Hello feasters of good literature. Welcome to Autostraddle Book Club, where we announce a book that we’re all going to read and then you have a month to obtain the book and read the book and then we all come talk about it right here on Autostraddle.com. Last time we did this, we chatted about Blue is the Warmest Color by Julie Maroh — which dealt heavily with coming out, coming of age and tragedy from a young perspective.
This time we’re taking a turn for the grownup and taking on The Argonauts by Maggie Nelson. This part-memoir, part-theory piece (143 pages in length) chronicles the author’s relationship with Harry Dodge, a genderfluid artist, as well as Nelson’s pregnancy and the couple’s complex joys in queer-family-creation. I’d give you more than that, but I don’t want to do any spoilers because then you all will (rightfully) rip my head off in a verbal manner. One of the loveliest things about this book, according to reviewers, is how surprising it is. I don’t want to wreck that in the first post!

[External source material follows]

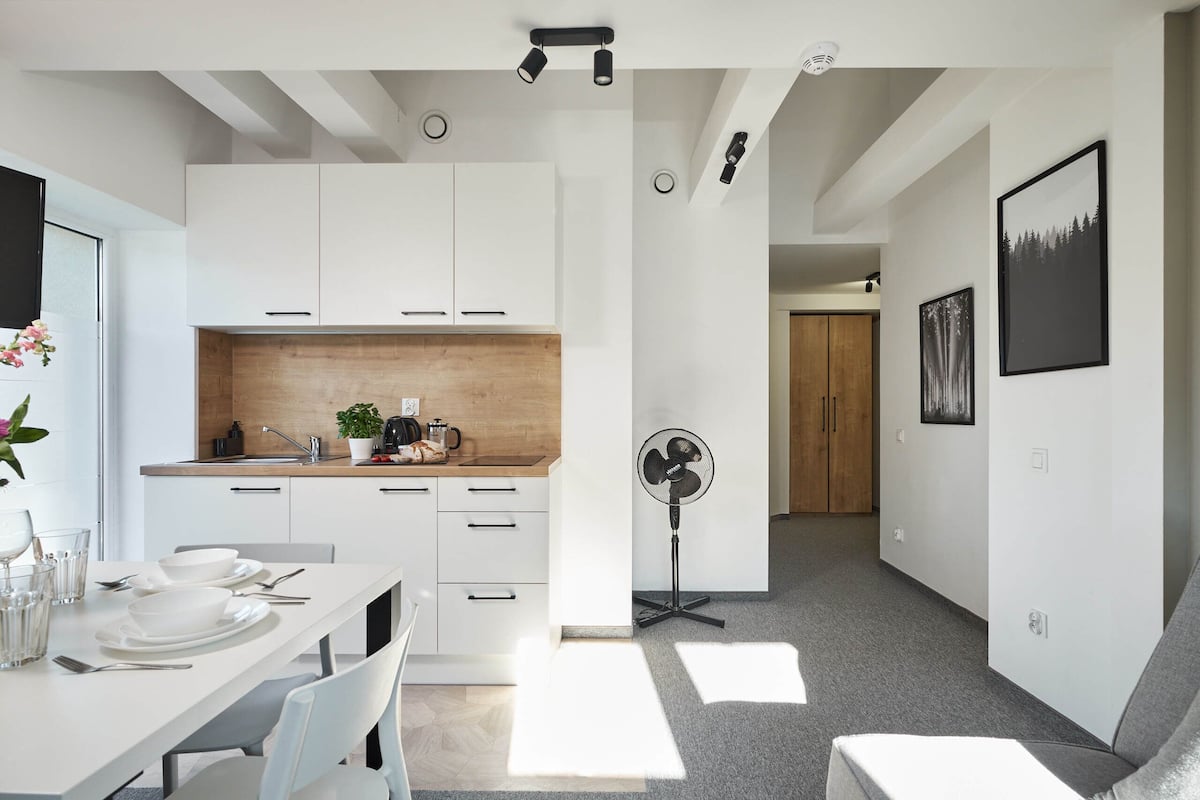 Una cocina moderna con armarios blancos, encimera de madera y un comedor con una mesa para dos.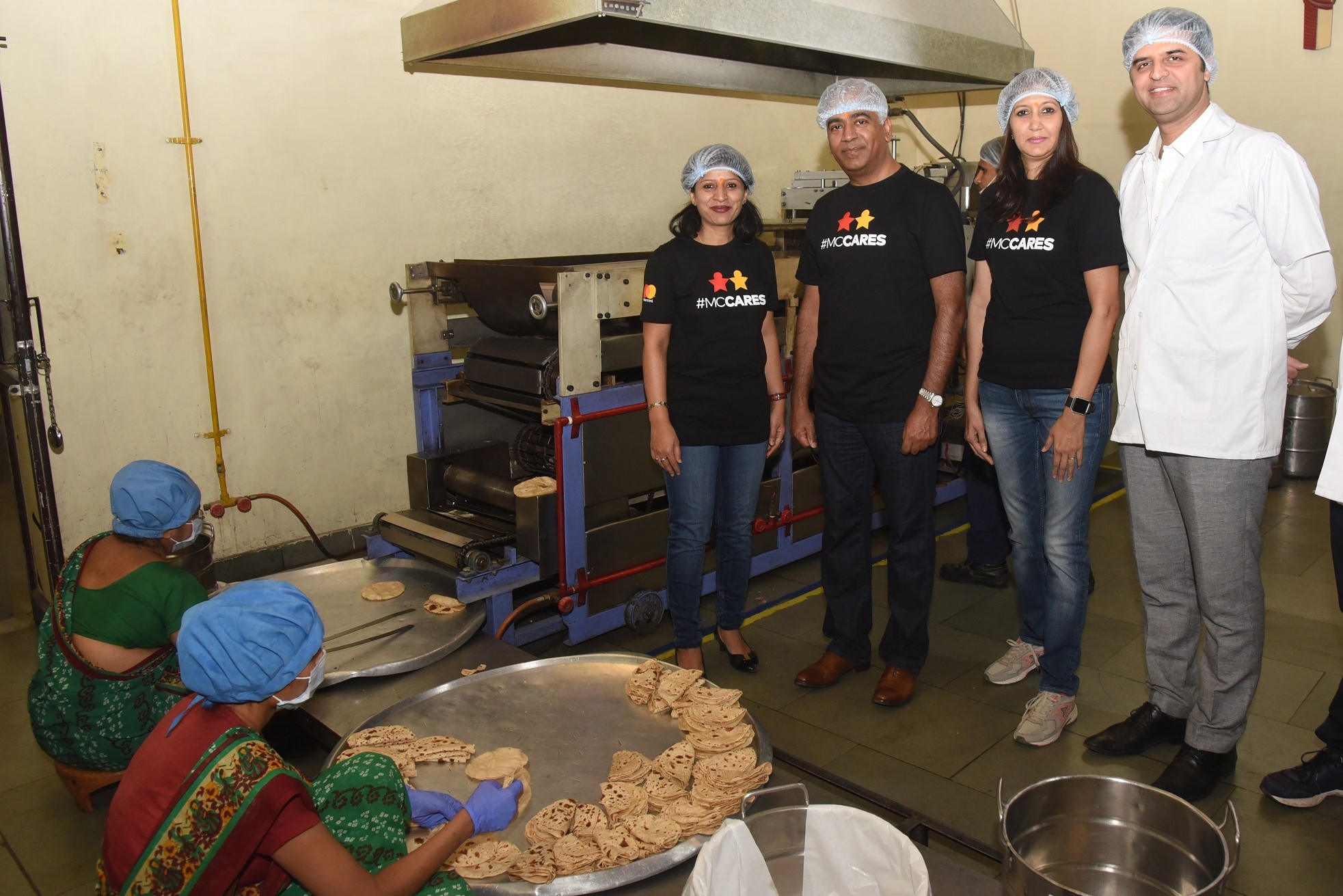 (From Left to Right) Farhin Kharawala, Vice President, Software Engineering, Mastercard; Deepak Mahbubani, Executive Vice President, Global Tech Hubs, Mastercard; Sonali Mungale, Director, Human Resources Business Partner, Mastercard; and Sundeep Talwar, CMO, The Akshaya Patra Foundation at the Akshaya Patra Kitchen in Vadodara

I was first introduced to The Argonauts while I was at a Community of Literary Magazines and Presses meetup and Jeffrey Lependorf said to me, “you have to read this book.” He didn’t mean eventually. He let me know on no uncertain terms that it’s a drop-everything-and-read-it kinda book. When I discovered it was put out by Graywolf Press, who also did Geek Sublime by Vikram Chandra (which y’all know I adore) and Citizen by Claudia Rankine (from which I’ve heard her read and HOLY SHIT!!!), it got me to a point where I almost licked the cover when I came across The Argonauts at The Strand.
Turns out, everyone’s losing their damn minds over The Argonauts (and over Maggie Nelson in general, which is understandable). From Rachel Shteir‘s review in The Boston Globe:
Still, because of her dazzling sentences, I will read whatever the daredevil writes. She cozies up to ideas unlike any other American writer — in a homely, visceral way, as if she packed lunch each day with theory and sandwiches.
Nelson questions everything — her assumptions, her motives — and her ensuing uncertainty becomes the trellis for this book. Her thoughts are presented in discrete paragraphs, some as short as a sentence, as she considers whether “prose is but the gravestone marking the forsaking of wildness (fidelity to sense-making, to assertion, to argument, however loose).” She quotes the child psychologist Winnicott (approvingly), the French theorist Baudrillard (critically), and recounts a debate she had with Dodge about the movie “X-Men: First Class.”
If I haven’t convinced you to pick up your copy and get to it yet, I can tell you there’s queer anal sex in the first paragraph. When a book starts off with a bang from behind, you know it’s gonna be my kinda book. Please let’s all read The Argonauts by Maggie Nelson, which I strongly encourage you to purchase from your local independent bookstore. If you cannot, you can always order it. See you at the end of June with our hearts full of this book.